The work opens with an introduction summarizing previous literature relevant to the topics in this volume, nearly all of which is said to have been written in the past three decades; earlier work is generally mentioned only to make the point that it is superseded. This is unfortunate, for particularly in the area of ancient education quite a lot that was written a long time ago has not been superseded, not even in the most basic sense of there being a more recent work to which one can turn for approximately the same factual information. Indeed one rather gets the impression from the discussion of literature that in the minds of the editors factual information is not what matters; for example, despite falling within the three-decade period, Raffaella Cribiore’s fundamental work Writing, Teachers, and Students in Graeco-Roman Egypt (Atlanta 1996), which collects and publishes the papyri, ostraca, and tablets from ancient schools, is not mentioned once.
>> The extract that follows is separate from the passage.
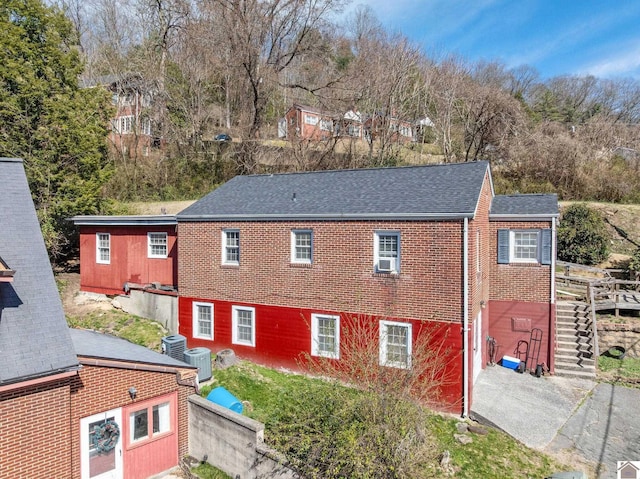 exterior space featuring brick siding, central AC, and roof with shingles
Interpretations are important, certainly, but facts are an indispensable basis for interpretation, and readers new to the subject in particular — a significant part of the target audience for this volume — need to be told what factual information is available and how to find it.
Fortunately, some of the contributors have a healthy appreciation of the value of hard evidence. One such is the intriguingly-titled chapter ‘Babies in the well: archaeological evidence for newborn disposal in Hellenistic Greece’ (pp. 62-82), by Maria A. Liston and Susan I. Rotroff. The authors of this chapter do a marvellous job of making technical archaeological evidence accessible to non-specialist readers, as they sort through the thousands of bones found in layers of fill in a well in Athens. These bones include 449 skeletons of very young babies and fetuses, a few older humans, and more than 150 skeletons of dogs and puppies. The authors suggest that the babies and fetuses represent the results of the high infant mortality rates known to have existed in ancient Athens; most probably died at or soon after birth (some skeletons show signs of defects and illnesses likely to lead to early death, and one slightly older child appears to have been battered) and may have been deposited in the well by midwives, perhaps with the accompaniment of dog sacrifices, at a rate of about 30 per year for approximately 15 years from c. 165 to c. 150 BC. Regular cemeteries contain a far lower percentage of newborns than actually died, so the information from the well is crucial to filling gaps in our understanding of infant mortality in ancient Athens.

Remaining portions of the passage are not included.